I was looking through some old notes of mine and stumbled upon a question I had wanted to ask a while back but never got around to it. Here it is now:
Consider a convex set $X\subseteq \mathbb{R}^n$ with non-empty interior and define a topology $\tau$ on $X$ as follows:
- The neighbourhoods of interior points are just the euclidean neighbourhoods.
- The neighbourhoods of a boundary point $x\in\partial X$ are generated by cone-"stumps", i.e. sets of the form $C\cap B_\epsilon(x)$ with $\epsilon>0$ where $C$ is a polyhedral cone pointing from the interior to its vertex $x$, i.e. $C = x+\sum_{l=1}^m \mathbb{R}_{\geq 0} (x_l-x)$ for some $x_l\in int(X)$. (In other words these cone-stumps lie completely in $int(X)$ except for $x$ itself if $\epsilon$ is small enough)
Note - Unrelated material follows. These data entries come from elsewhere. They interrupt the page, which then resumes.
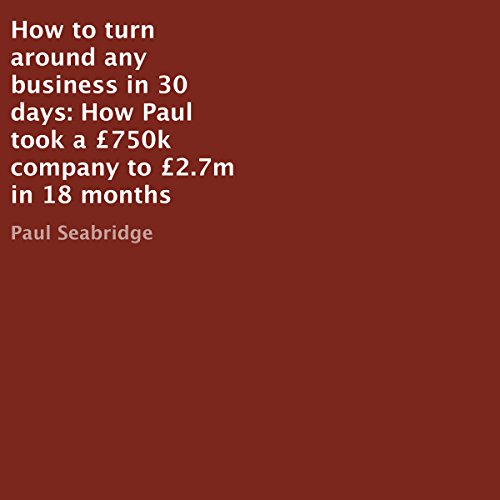 Cover of How to Turn Around Any Business in 30 Days
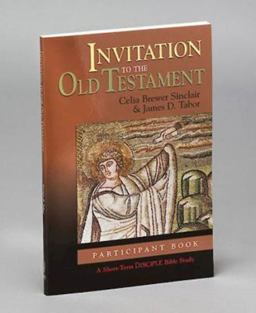 Short-Term Disciple Bible Study Invitation to the Old Testament A Short-Term Disciple Bible Study  9780687495900 Front Cover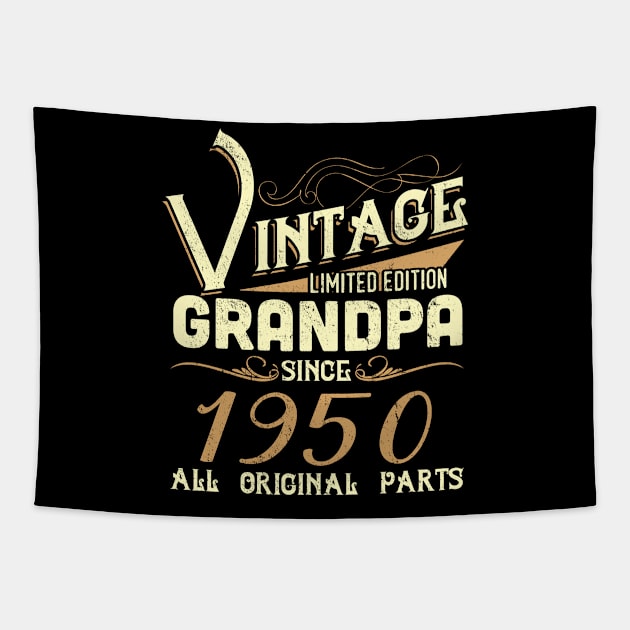 Vintage Grandpa Since 1950 Funny Man Myth Legend Daddy Tapestry by johnbbmerch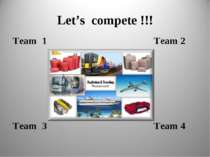 Let’s compete !!! Team 1 Team 2 Team 3 Team 4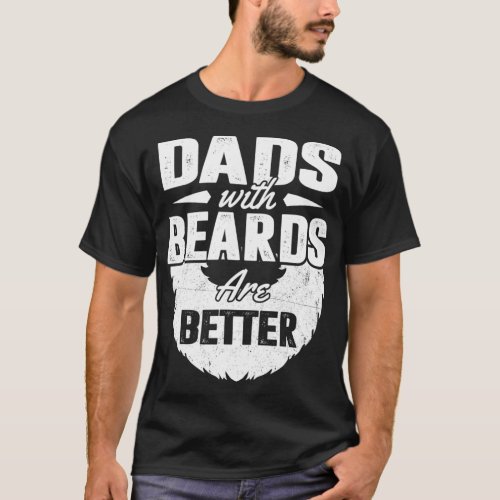 Dads With Beards Are Better Tee  Fathers Day Gift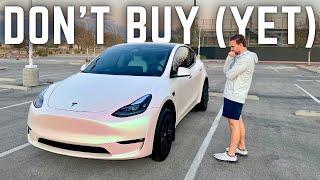 Why I Would NOT Buy A TESLA Model Y Right Now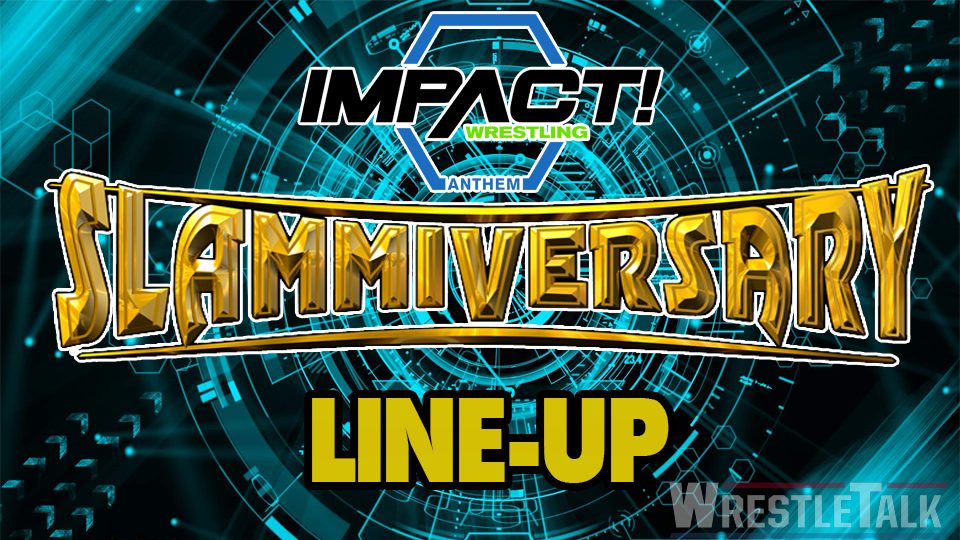 IMPACT Wrestling Slammiversary XVI – The Line-Up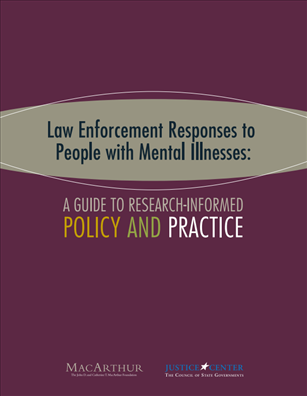 Image for Law Enforcement Responses to People with Mental Illnesses: A Guide to Research-Informed Policy and Practice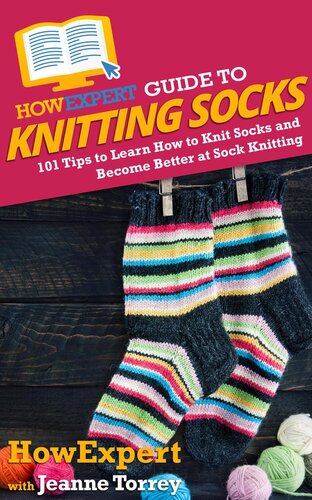 Howexpert Guide To Knitting Socks Howexpert Jeanne Torrey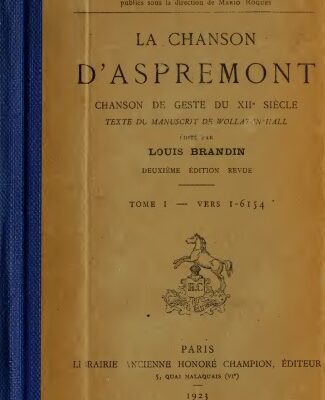 خرید و دانلود نسخه کامل کتاب La chanson d’Aspremont, chanson de geste du XIIe siècle, texte du manuscrit de Wollaton Hall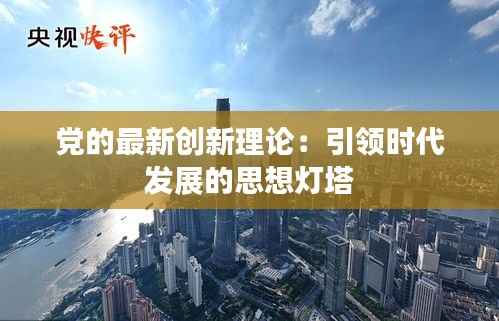 党的最新创新理论:引领时代发展的思想灯塔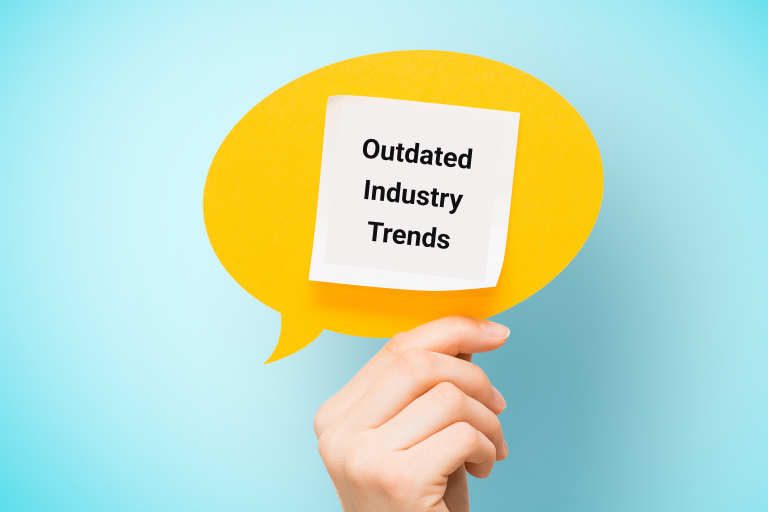 Outdated Techniques & Ignoring Industry Trends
Why is this topology interesting to me? Well, while I was thinking about certain construction related to the Fourier-Laplace-transformation, I often found lemmas where I was considering some function defined on $X$ taking values somewhere nice (say holomorphic functions on some domain) that was continuous on $int(X)$, but the continuity condition $x_i \to x \implies f(x_i)\to f(x)$ for boundary points $x$ only held when I prohibited sequences approaching $x$ in a tangential way (and if I weakened the topology on the function space as well, but that's not relevant to my question). And that's exactly what this topology does: $x_i \xrightarrow{\tau} x$ holds iff $x_i\to x$ in the euclidean sense AND $x_i$ is eventually confined to some cone-stump.
Now my questions are simple:
Has this topology a name? Has it been observed before in the wild?